Monday, 31st March, 2015.

Following my “philosophical” post last time about the emotions of animals, I received this story from my friend Pat over there in the US of A.   She has posted it on her own blog:  patriciaboesel.wordpress.com/tag/mourning/

 The wail came loud and long. It would not stop. Grief poured out of his mouth from deep within. Low and mournful, the wailing continued. His friend and companion had just died. The wailing could even be heard around the neighborhood. His grief overwhelmed all in attendance, at the burial site as well. Paco started to act out, something that was not common for him to do and had to be removed. His Dolly had died, suddenly, of a stroke. He couldn’t understand what had happened. He knew only that his friend was not there. 

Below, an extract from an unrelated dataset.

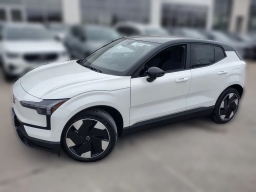 Volvo EX30 Ultra Twin Motor AWD 2025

“Paco and Dolly met each other when Paco was adopted  and came to live with Dolly and her adopted family. This happened about 6 years ago. They became the best of friends. Paco followed Dolly everywhere and often got upset when she went places without him.

“Paco was very protective of his friend, some would say overly so. The mourning continued on into the next day as well. To witness such a depth of emotion may come as a surprise to some, a source of embarrassment to others, and yet of little concern to still others. You may read about such displays in the daily news or see similar events on TV but rarely does one have the honor to be become a witness to such love.

“You see Paco is an adopted wild burro from the deserts of Nevada and Dolly is my granddaughter’s quarter horse.  Dolly had a stroke, and became paralyzed in both rear legs and was having uncontrolled seizures. There was nothing the vet could do, so she was ‘put down’. She was buried at the far side of the pasture she and Paco lived in. A short prayer was said for the sake of the children and now she is in the hands of her creator.

“We humans are charged with caring for all Gods creatures. We name them, feed them, nurture them, bath them, treat their aches and pains, groom them, and often buy them garments to wear. They ask for nothing, yet give so much pleasure and joy in return. We often call them friends as well. And yes, we too grieve at their death, but we seldom give much thought to their other animal companion’s grief. We comfort Paco as best we can and give her extra attention. She is slowly accepting her loss.

“Yet, death always demands that we take a detour on our life’s journey.  We even take this detour to help others in their detours due to death.”